Let’s switch now to Long Term Disability Insurance (LTDI). Not everyone has LTDI. In 2013, 69% of workers in the private sector did not have short term or long term disability. It is a mistake to assume that your employer automatically has a disability policy for it’s employees. I will give you an example that will scare you. Let’s say a 50 year old single individual is employed and is earning $48,000 a year. He is disabled and can no longer work. His monthly gross income is $4000 a month before he is disabled. Making some assumptions we can estimate that his monthly disability income will be no more than $1700 a month. Or about 42% of his take home pay before disability. Also we need to remember that once you are on disability, your employment ceases and you will need to pay for health insurance. If you opt for COBRA, will be paying 100% of the premium. I will talk about health insurance and COBRA in the next blog.

There is another potential issue that we ran into with our LTDI. After we were approved, we found out  there was a clause in the policy that requires you to file for SSDI. If the policy is employer paid insurance like mine, the employer is not required to give a copy of the actual policy, only a “brief policy description”. This doesn’t sound like a big deal until you realize that once the SSDI is approved, the Insurance company can then deduct that amount from your monthly long term disability insurance benefit amount.   Please check on your Long Term Disability Insurance Policy. The policy may or may not include short term disability insurance which would cover you in the event that you were off work for several weeks for a medical reason.
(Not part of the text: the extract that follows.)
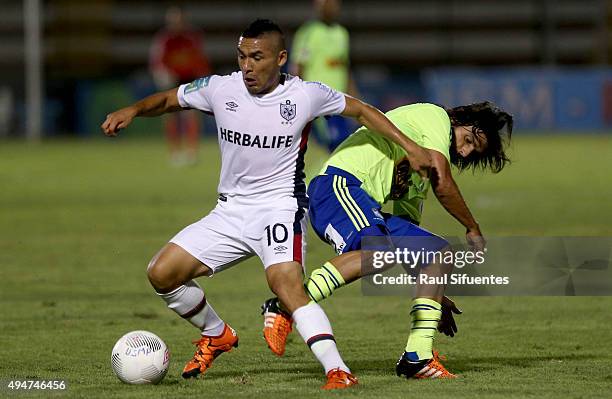 Jorge Cazulo of Sporting Cristal vies for the ball with Joel Sanchez of San Martin during a match between San Martin and Sporting Cristal as part of...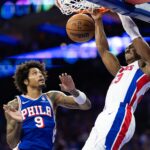 Oct 30, 2024; Philadelphia, Pennsylvania, USA; Detroit Pistons guard Jaden Ivey (23) dunks the ball in front of Philadelphia 76ers guard Kelly Oubre Jr. (9) during the second quarter at Wells Fargo Center. Mandatory Credit: Bill Streicher-Imagn Images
Short term disability can, like in my case, be converted to long term disability.

The last clarification I will make is about taxable income. Just because you are disabled or retired, doesn’t mean you stop paying taxes. Disability income in the eyes of the IRS is still income.

I will end with the disclaimer that I am not a tax expert or a financial planner. What is in today’s blog is my opinion and the experiences Debra and I had with the process.